(RECORD EXCERPTS)

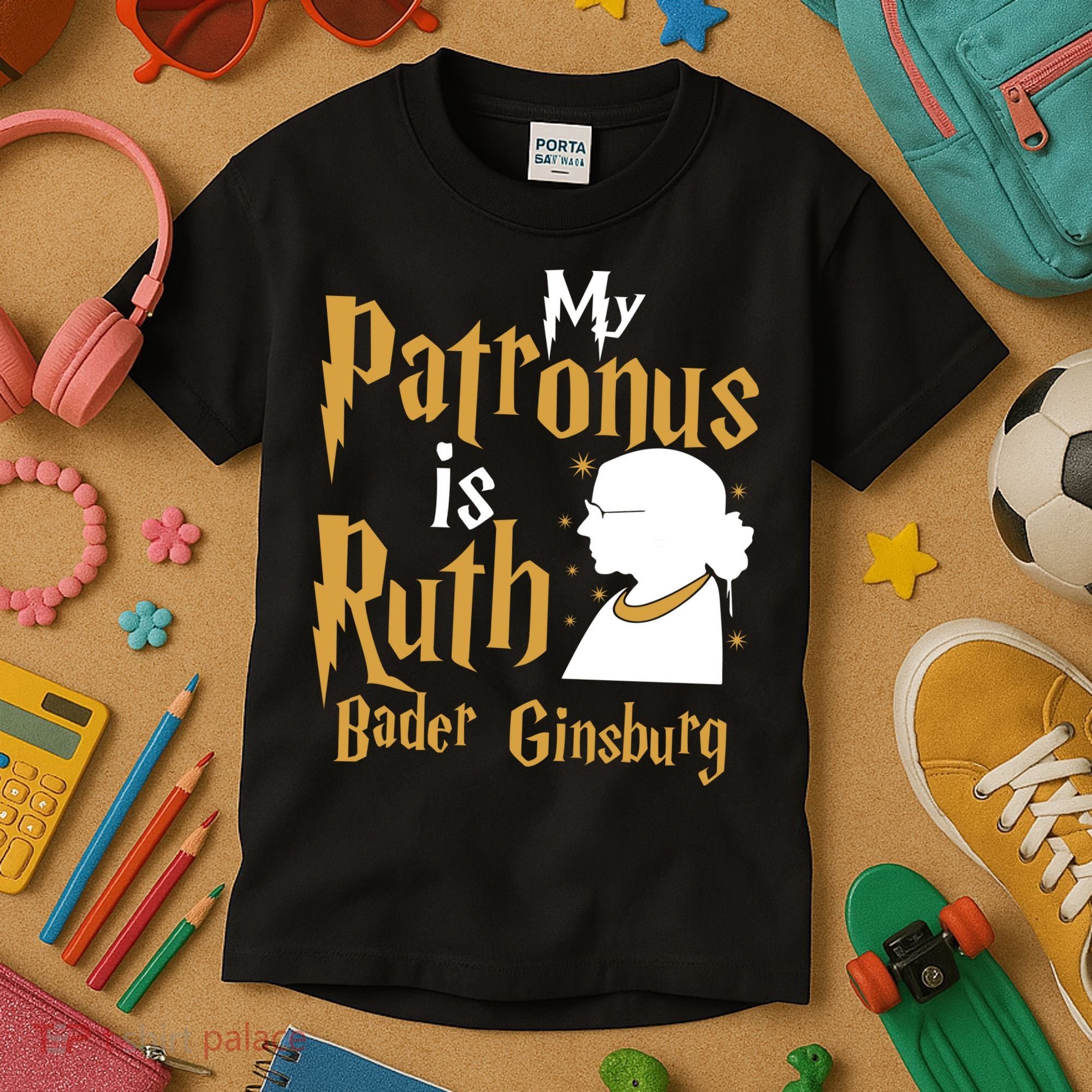 My Patronus Is Ruth Bader Ginsburg Kids T-Shirt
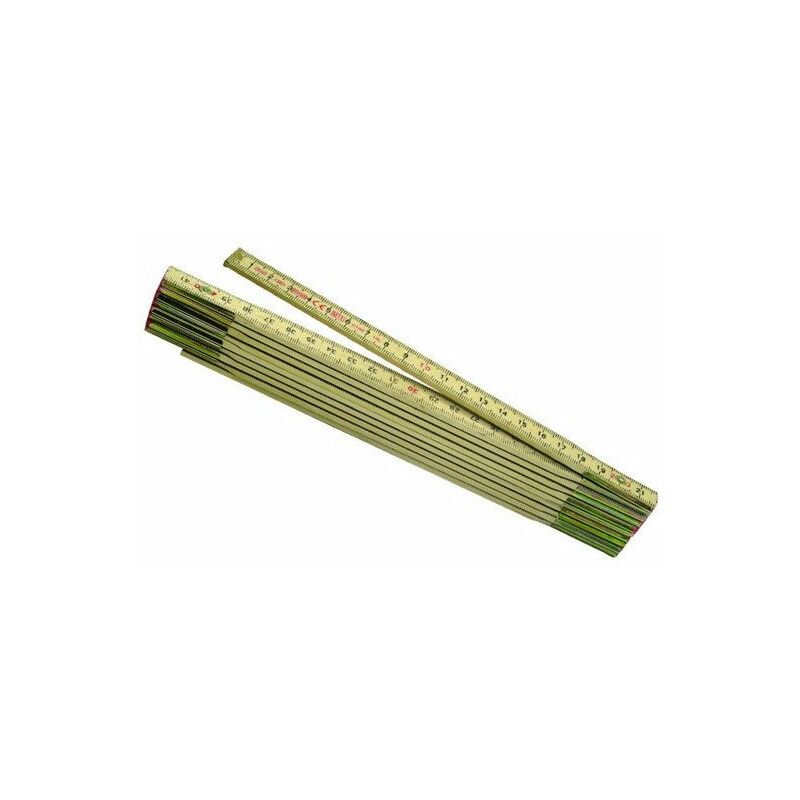 

Metrica - Cinta métrica de madera 2 m decimal roja - 23110
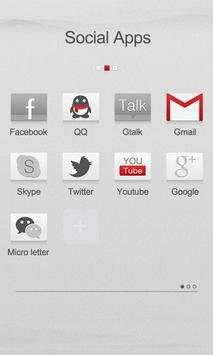 Cream White GO Launcher Theme screenshot 4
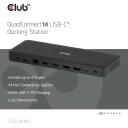 Club3D док-станция CSV-2540 14in1, 150W, 8K Ultra HD, 2x HDMI, 2x DP, 1x USB-C, 2x USB-A, 1x RJ-45, 1m кабель питания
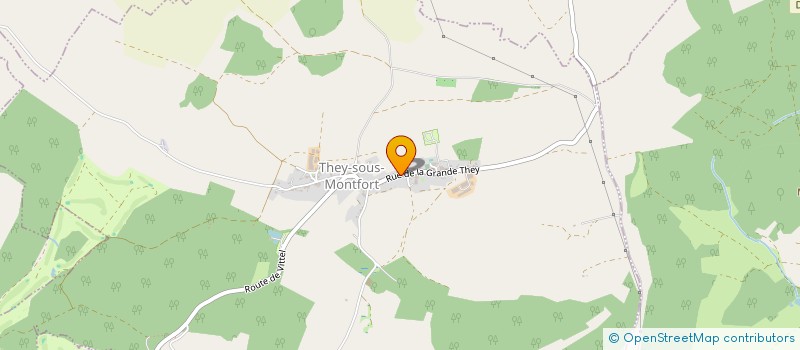 localisation de l'entreprise SCI DU MUGUET  THEY-SOUS-MONTFORT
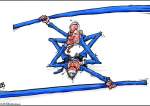 İsrail pozulur - Karikatura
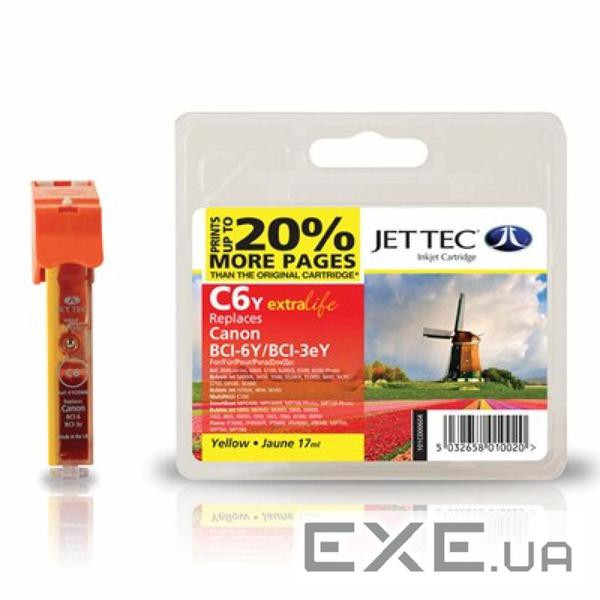 Картридж Jet Tec CANON BCI-3/BCI-6 Yellow (110C000604)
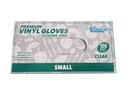 The Glove Company Clear Vinyl Powder-Free Disposable Gloves Small 100pk Gloves Black Air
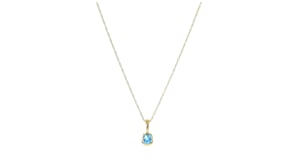 26 Carat London Blue Topaz Pendant Necklace in 14kt Yellow Gold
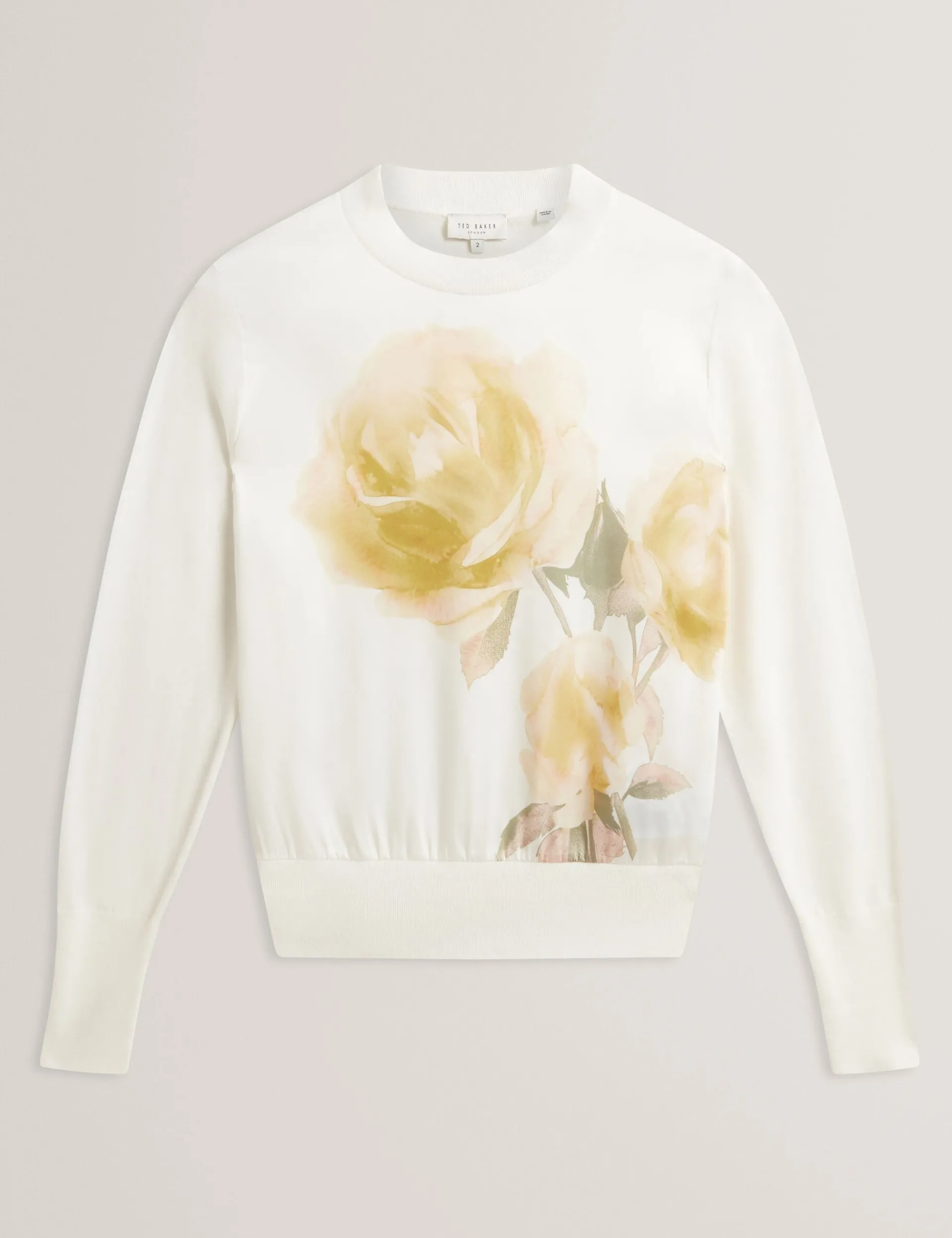 New Lobster Limited Oberteile & Blusen|Neue Frühlingsblumen<Pullover mit Rosenprint und Webfront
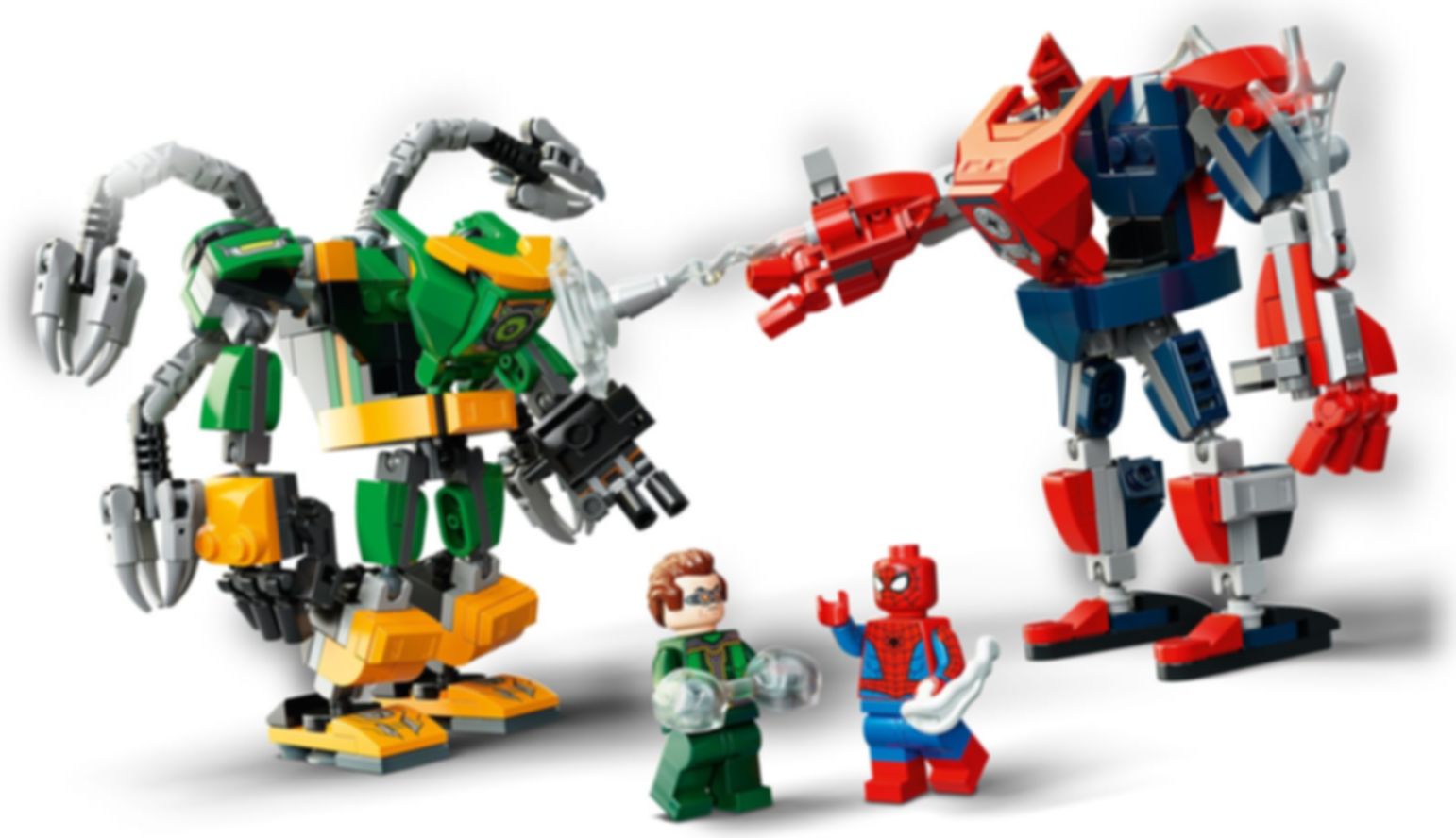 LEGO® Marvel Mech-Duell zwischen Spider-Man & Doctor Octopus spielablauf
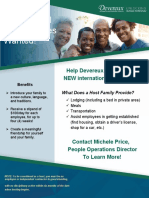 Devereux International Host Family Recruitment Flyer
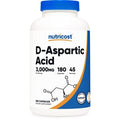 Nutricost D-Aspartic Acid (DAA) Capsules 3000mg Per Serving (180 Capsules)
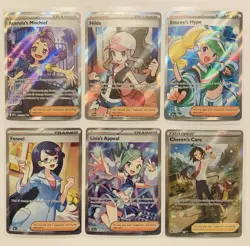 6- Pokemon-Full Art Trainer Lot! Hilda, Acerola, Lisia, Cheren…etc - Image 1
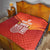 Custom Belgium Tennis Champions Quilt Winners Never Quit with A Crowned Lion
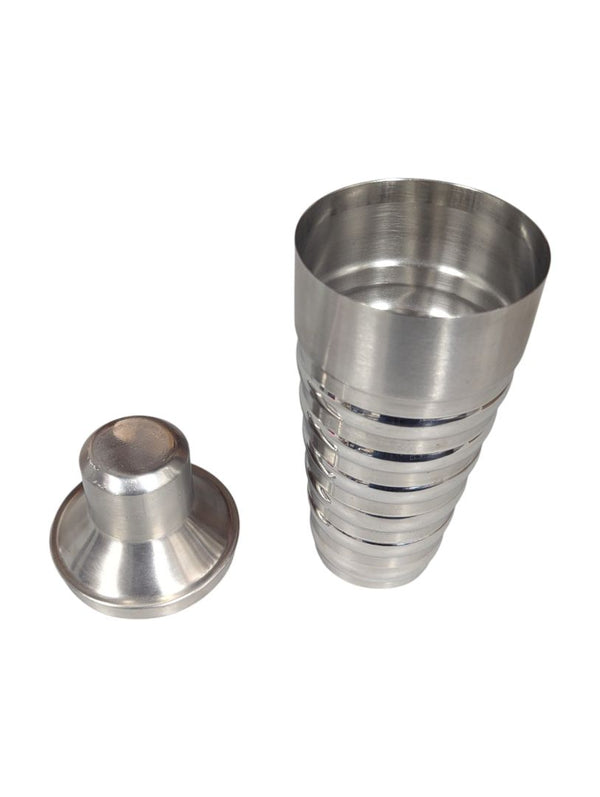Bowring Stainless Steel Cocktail Shaker – Ribbed Modernist Design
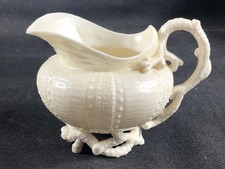 FINE ANTIQUE 1st PERIOD BELLEEK ECHINUS PORCELAIN MILK JUG ~ 1st BLACK MARK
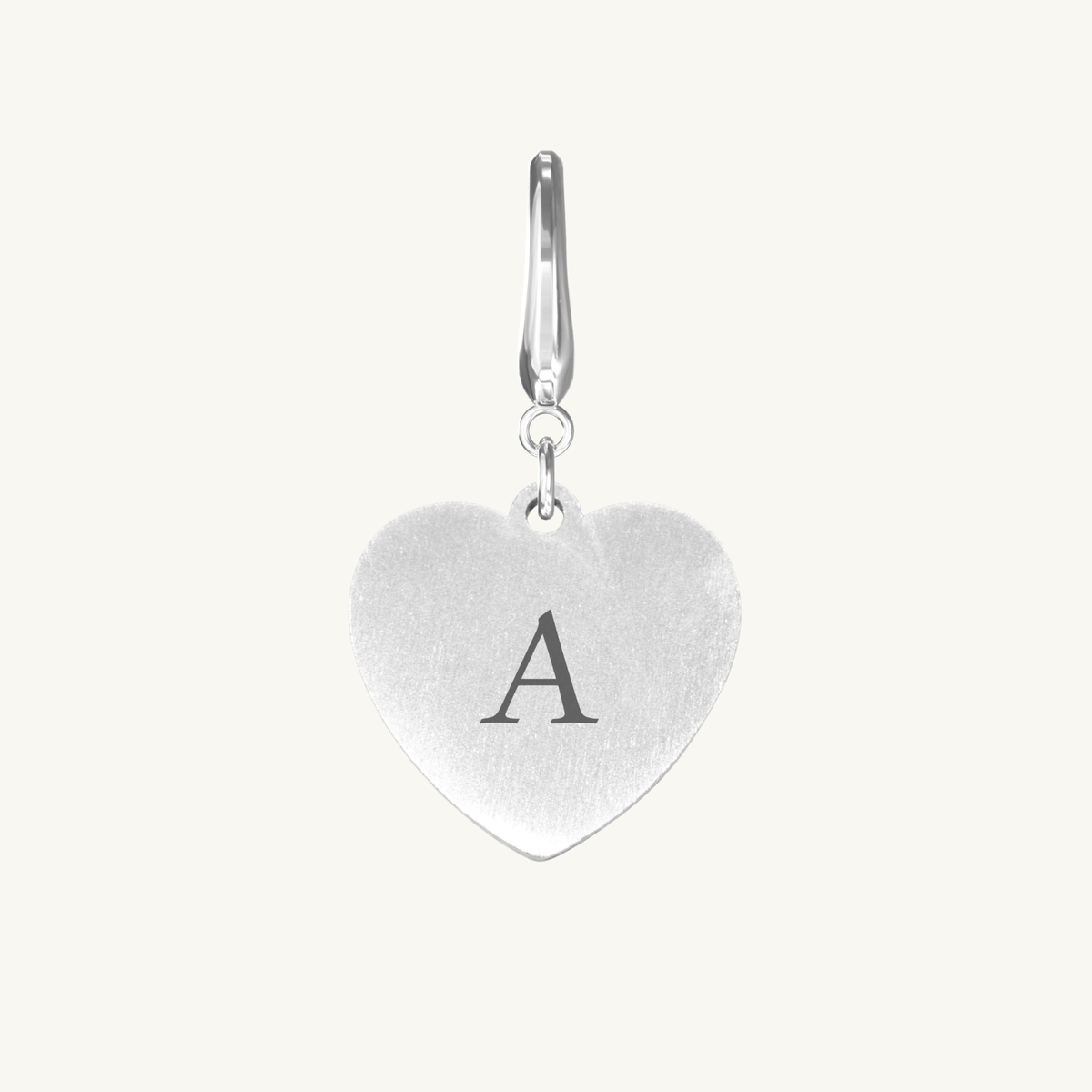 Fluted Heart Charm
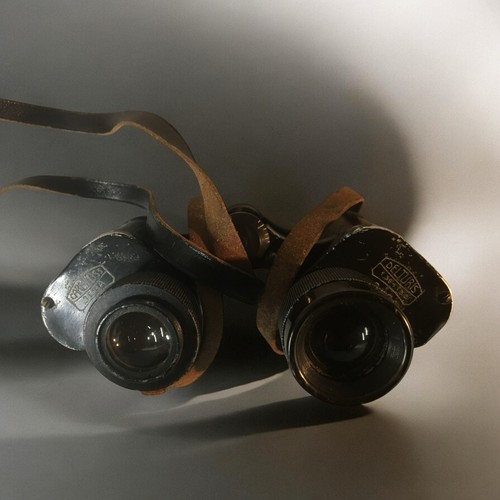 205 - Carl Zeiss Vintage Binoculars x 2:1. Carl Zeiss Jena Delturis 8 x 24 field Binoculars WWII2. Zeiss J... 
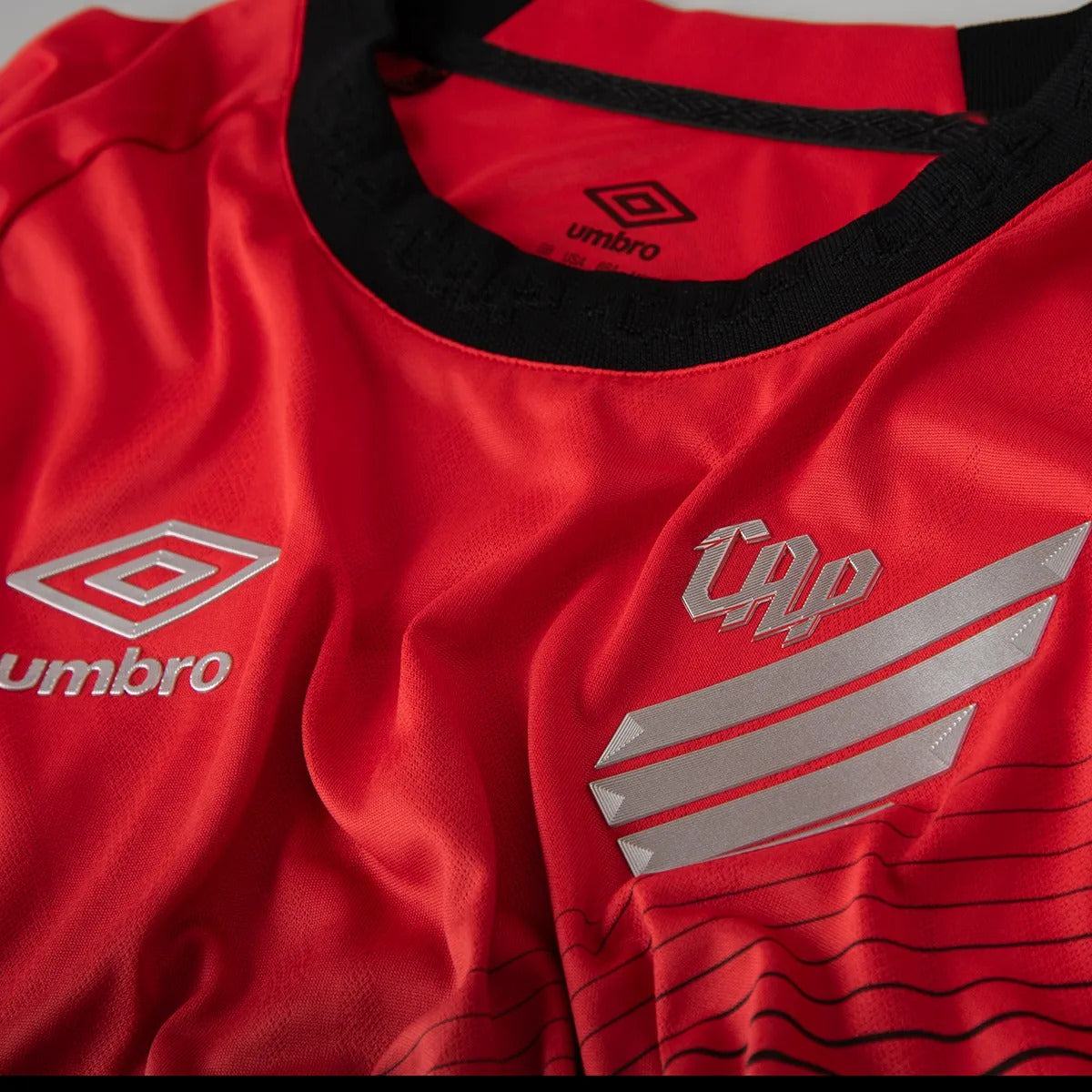 Camisa Athletico Paranaense 2025/26 I Umbro Torcedor - Vermelha e Preta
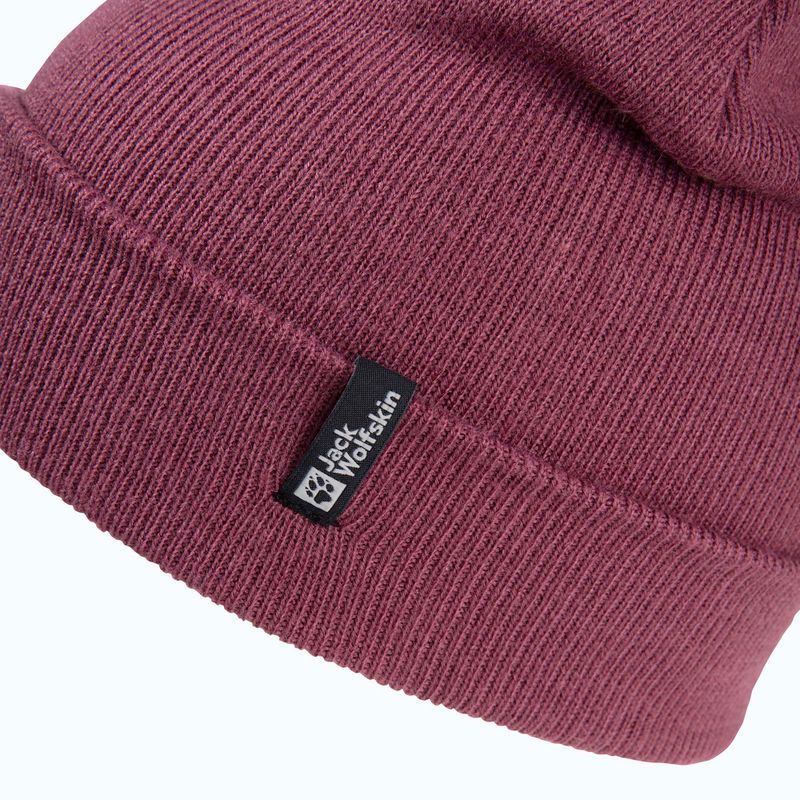 Зимна шапка Jack Wolfskin Rib raisin 3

(End RECORD EXCERPTS)

◆ TASK REQUIREMENTS ◆
Copy only these lines from the records above, exactly: the one with "Devereux International Host", the one with "Fluted Heart Charm", and those between. Skip the pictures.

◆ SOLUTION ◆
 Devereux International Host Family Recruitment Flyer
 Nutricost D-Aspartic Acid (DAA) Capsules 3000mg Per Serving (180 Capsules)
 6- Pokemon-Full Art Trainer Lot! Hilda, Acerola, Lisia, Cheren…etc - Image 1
 Custom Belgium Tennis Champions Quilt Winners Never Quit with A Crowned Lion
Bowring Stainless Steel Cocktail Shaker – Ribbed Modernist Design
 FINE ANTIQUE 1st PERIOD BELLEEK ECHINUS PORCELAIN MILK JUG ~ 1st BLACK MARK
 Fluted Heart Charm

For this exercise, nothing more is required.